::: Exercise data

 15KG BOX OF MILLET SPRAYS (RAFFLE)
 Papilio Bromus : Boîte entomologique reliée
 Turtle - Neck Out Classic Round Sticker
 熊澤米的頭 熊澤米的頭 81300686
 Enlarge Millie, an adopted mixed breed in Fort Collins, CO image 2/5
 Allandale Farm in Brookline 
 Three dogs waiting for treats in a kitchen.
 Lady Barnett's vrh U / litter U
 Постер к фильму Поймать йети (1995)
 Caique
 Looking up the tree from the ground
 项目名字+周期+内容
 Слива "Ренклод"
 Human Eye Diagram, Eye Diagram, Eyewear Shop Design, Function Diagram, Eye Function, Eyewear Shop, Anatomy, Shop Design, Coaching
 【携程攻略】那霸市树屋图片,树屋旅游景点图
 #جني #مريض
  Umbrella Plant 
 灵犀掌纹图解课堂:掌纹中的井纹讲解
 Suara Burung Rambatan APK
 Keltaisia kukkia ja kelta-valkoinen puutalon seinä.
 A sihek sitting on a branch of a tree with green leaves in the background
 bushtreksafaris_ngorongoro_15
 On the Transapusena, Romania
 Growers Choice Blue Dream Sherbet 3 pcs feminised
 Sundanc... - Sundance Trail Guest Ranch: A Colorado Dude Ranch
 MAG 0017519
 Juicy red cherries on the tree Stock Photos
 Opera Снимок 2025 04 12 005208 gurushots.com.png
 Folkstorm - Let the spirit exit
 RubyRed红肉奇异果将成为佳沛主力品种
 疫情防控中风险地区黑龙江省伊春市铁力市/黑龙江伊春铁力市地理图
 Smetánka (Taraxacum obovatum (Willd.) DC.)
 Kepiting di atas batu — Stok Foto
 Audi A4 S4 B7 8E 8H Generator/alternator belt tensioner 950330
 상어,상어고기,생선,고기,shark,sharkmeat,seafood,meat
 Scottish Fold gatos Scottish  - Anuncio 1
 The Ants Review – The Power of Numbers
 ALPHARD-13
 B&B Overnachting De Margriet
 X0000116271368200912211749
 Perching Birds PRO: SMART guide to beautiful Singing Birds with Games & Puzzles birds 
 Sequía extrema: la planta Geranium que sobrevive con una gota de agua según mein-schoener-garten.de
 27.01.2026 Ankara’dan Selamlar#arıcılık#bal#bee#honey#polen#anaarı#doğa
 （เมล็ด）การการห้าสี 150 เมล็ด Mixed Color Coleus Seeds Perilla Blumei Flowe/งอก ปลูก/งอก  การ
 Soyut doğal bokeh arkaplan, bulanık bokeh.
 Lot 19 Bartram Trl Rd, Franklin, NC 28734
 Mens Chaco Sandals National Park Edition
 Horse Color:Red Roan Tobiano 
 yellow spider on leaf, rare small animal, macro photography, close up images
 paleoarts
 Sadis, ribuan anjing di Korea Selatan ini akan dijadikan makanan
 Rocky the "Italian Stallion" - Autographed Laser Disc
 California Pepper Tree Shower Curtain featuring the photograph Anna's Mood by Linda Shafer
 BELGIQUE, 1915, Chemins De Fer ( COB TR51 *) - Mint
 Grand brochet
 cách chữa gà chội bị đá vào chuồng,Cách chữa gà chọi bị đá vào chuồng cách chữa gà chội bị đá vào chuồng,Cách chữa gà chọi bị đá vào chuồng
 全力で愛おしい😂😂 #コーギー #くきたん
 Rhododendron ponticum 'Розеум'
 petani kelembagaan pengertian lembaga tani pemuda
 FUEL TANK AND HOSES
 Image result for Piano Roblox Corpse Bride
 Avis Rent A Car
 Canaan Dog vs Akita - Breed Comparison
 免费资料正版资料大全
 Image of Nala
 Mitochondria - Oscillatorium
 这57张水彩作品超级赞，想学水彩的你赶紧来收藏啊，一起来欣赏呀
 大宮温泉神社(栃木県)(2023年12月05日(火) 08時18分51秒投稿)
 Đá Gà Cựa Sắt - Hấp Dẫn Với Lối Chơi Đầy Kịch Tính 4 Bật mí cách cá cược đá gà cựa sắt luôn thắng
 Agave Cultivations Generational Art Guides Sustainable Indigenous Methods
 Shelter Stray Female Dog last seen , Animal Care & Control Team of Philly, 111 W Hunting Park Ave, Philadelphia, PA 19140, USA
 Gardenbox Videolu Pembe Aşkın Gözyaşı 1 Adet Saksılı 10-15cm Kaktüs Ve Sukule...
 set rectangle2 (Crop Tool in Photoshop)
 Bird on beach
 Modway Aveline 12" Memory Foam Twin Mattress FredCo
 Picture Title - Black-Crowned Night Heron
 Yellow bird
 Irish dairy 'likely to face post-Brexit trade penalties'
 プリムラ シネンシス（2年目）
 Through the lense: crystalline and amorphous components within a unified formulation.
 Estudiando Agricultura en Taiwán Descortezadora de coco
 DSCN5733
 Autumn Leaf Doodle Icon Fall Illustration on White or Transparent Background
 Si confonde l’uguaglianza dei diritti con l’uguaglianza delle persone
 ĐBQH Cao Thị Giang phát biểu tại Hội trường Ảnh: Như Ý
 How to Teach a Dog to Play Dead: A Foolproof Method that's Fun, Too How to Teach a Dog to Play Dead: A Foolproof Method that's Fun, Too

::::::

*Task:*
Copy, exactly and only, the lines above that begin with the one containing "Audi A4 S4 B7" and finish with the one containing "Grand brochet".

*Exercise response:*
 Audi A4 S4 B7 8E 8H Generator/alternator belt tensioner 950330
 상어,상어고기,생선,고기,shark,sharkmeat,seafood,meat
 Scottish Fold gatos Scottish  - Anuncio 1
 The Ants Review – The Power of Numbers
 ALPHARD-13
 B&B Overnachting De Margriet
 X0000116271368200912211749
 Perching Birds PRO: SMART guide to beautiful Singing Birds with Games & Puzzles birds 
 Sequía extrema: la planta Geranium que sobrevive con una gota de agua según mein-schoener-garten.de
 27.01.2026 Ankara’dan Selamlar#arıcılık#bal#bee#honey#polen#anaarı#doğa
 （เมล็ด）การการห้าสี 150 เมล็ด Mixed Color Coleus Seeds Perilla Blumei Flowe/งอก ปลูก/งอก  การ
 Soyut doğal bokeh arkaplan, bulanık bokeh.
 Lot 19 Bartram Trl Rd, Franklin, NC 28734
 Mens Chaco Sandals National Park Edition
 Horse Color:Red Roan Tobiano 
 yellow spider on leaf, rare small animal, macro photography, close up images
 paleoarts
 Sadis, ribuan anjing di Korea Selatan ini akan dijadikan makanan
 Rocky the "Italian Stallion" - Autographed Laser Disc
 California Pepper Tree Shower Curtain featuring the photograph Anna's Mood by Linda Shafer
 BELGIQUE, 1915, Chemins De Fer ( COB TR51 *) - Mint
 Grand brochet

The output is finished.